=== Your objective ===
Every entry needs to be duplicated exactly.

=== Collected data ===
>>>>
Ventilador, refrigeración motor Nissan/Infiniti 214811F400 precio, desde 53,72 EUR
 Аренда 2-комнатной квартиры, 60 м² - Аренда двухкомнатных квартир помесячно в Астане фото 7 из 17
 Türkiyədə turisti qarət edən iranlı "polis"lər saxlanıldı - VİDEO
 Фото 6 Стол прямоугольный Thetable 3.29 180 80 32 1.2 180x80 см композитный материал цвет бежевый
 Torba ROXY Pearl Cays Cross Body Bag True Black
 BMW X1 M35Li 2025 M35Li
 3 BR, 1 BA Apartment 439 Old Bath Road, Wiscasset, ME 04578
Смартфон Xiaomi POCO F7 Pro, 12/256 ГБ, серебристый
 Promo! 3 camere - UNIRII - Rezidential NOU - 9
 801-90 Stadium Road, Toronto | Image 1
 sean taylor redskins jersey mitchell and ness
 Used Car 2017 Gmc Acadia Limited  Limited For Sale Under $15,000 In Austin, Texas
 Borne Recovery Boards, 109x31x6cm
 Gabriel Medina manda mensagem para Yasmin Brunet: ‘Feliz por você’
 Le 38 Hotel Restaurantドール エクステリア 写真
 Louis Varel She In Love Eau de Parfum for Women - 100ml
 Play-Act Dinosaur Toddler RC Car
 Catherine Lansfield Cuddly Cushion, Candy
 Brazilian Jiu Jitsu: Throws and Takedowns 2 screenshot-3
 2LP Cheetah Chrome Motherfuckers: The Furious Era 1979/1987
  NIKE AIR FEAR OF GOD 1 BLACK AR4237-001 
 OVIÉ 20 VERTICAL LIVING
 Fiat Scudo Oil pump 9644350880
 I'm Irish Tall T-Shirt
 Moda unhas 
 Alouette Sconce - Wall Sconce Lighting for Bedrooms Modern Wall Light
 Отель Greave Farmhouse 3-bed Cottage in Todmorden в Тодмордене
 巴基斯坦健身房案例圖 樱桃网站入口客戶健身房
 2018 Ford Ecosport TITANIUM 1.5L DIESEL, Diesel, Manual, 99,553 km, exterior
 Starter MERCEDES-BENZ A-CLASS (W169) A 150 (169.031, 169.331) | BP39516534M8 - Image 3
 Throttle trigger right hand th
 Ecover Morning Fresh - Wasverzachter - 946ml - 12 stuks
<<<<
=== Final answer ===
Ventilador, refrigeración motor Nissan/Infiniti 214811F400 precio, desde 53,72 EUR
 Аренда 2-комнатной квартиры, 60 м² - Аренда двухкомнатных квартир помесячно в Астане фото 7 из 17
 Türkiyədə turisti qarət edən iranlı "polis"lər saxlanıldı - VİDEO
 Фото 6 Стол прямоугольный Thetable 3.29 180 80 32 1.2 180x80 см композитный материал цвет бежевый
 Torba ROXY Pearl Cays Cross Body Bag True Black
 BMW X1 M35Li 2025 M35Li
 3 BR, 1 BA Apartment 439 Old Bath Road, Wiscasset, ME 04578
Смартфон Xiaomi POCO F7 Pro, 12/256 ГБ, серебристый
 Promo! 3 camere - UNIRII - Rezidential NOU - 9
 801-90 Stadium Road, Toronto | Image 1
 sean taylor redskins jersey mitchell and ness
 Used Car 2017 Gmc Acadia Limited  Limited For Sale Under $15,000 In Austin, Texas
 Borne Recovery Boards, 109x31x6cm
 Gabriel Medina manda mensagem para Yasmin Brunet: ‘Feliz por você’
 Le 38 Hotel Restaurantドール エクステリア 写真
 Louis Varel She In Love Eau de Parfum for Women - 100ml
 Play-Act Dinosaur Toddler RC Car
 Catherine Lansfield Cuddly Cushion, Candy
 Brazilian Jiu Jitsu: Throws and Takedowns 2 screenshot-3
 2LP Cheetah Chrome Motherfuckers: The Furious Era 1979/1987
  NIKE AIR FEAR OF GOD 1 BLACK AR4237-001 
 OVIÉ 20 VERTICAL LIVING
 Fiat Scudo Oil pump 9644350880
 I'm Irish Tall T-Shirt
 Moda unhas 
 Alouette Sconce - Wall Sconce Lighting for Bedrooms Modern Wall Light
 Отель Greave Farmhouse 3-bed Cottage in Todmorden в Тодмордене
 巴基斯坦健身房案例圖 樱桃网站入口客戶健身房
 2018 Ford Ecosport TITANIUM 1.5L DIESEL, Diesel, Manual, 99,553 km, exterior
 Starter MERCEDES-BENZ A-CLASS (W169) A 150 (169.031, 169.331) | BP39516534M8 - Image 3
 Throttle trigger right hand th
 Ecover Morning Fresh - Wasverzachter - 946ml - 12 stuks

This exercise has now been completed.